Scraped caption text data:
# # # # #
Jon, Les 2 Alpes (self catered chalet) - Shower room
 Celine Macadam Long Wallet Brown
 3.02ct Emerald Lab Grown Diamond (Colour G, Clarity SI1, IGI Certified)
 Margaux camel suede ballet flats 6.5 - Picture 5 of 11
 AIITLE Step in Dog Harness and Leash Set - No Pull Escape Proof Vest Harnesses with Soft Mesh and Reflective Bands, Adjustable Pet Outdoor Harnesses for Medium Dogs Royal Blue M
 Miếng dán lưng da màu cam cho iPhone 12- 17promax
# # # # #
◆ Brief ◆
Could you return all the data above exactly as it appears?

◆ Output of the exercise ◆
Jon, Les 2 Alpes (self catered chalet) - Shower room
 Celine Macadam Long Wallet Brown
 3.02ct Emerald Lab Grown Diamond (Colour G, Clarity SI1, IGI Certified)
 Margaux camel suede ballet flats 6.5 - Picture 5 of 11
 AIITLE Step in Dog Harness and Leash Set - No Pull Escape Proof Vest Harnesses with Soft Mesh and Reflective Bands, Adjustable Pet Outdoor Harnesses for Medium Dogs Royal Blue M
 Miếng dán lưng da màu cam cho iPhone 12- 17promax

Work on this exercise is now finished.